One fundamental problem Smith perceives is that, unlike many other professions, investment management is structured around product push. “We are paid by the fees embedded within the products we sell,” he said.

“We advertise the one thing we know to be unsustainable – quarter over quarter outperformance of a benchmark. After fees, this is less than a zero-sum game.”

Benchmarking, he said, “is one of the great tragedies of the modern world, because the average investor is not remotely interested in relative performance.” All they want, he said, is to make money, without having to pay a hefty fee for the privilege.

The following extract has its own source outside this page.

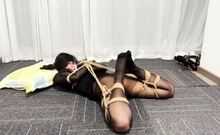 hanhan pantyhose bondage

Jack Bogle, head of the US index fund giant Vanguard, recently predicted the demise of active investment management in the next 25 to 30 years.  Whether he is proved right or not, Smith believes the rise of passive investments is a good thing.

“It may not seem so, but it forces us [in active management] to think about what we are doing,” Smith said. “It also takes fees out of product and makes us charge for a service. I am not an apologist for passive investment, but I think its rise is due in part to our inability to explain the value we bring to our clients and to society.”

He reasoned that by making markets more efficient, through the (expensive) process of price discovery, active managers are creating the environment where index funds are appealing.

However, Smith suggested the cost of indexed investments is much higher than generally perceived because they increase market volatility and risk. “But our addiction to benchmarks has stimulated their increase,” he said.

In Smith’s view, there isn’t a simple solution to the problems faced by the industry: “The whole structure of the industry is inappropriate.”

Asset managers, he says, are just responding to the way the industry is set up: “You ask any CEO of a fund management company the challenges they face and it’s all short-term pressure. We need to change the rules of the game.”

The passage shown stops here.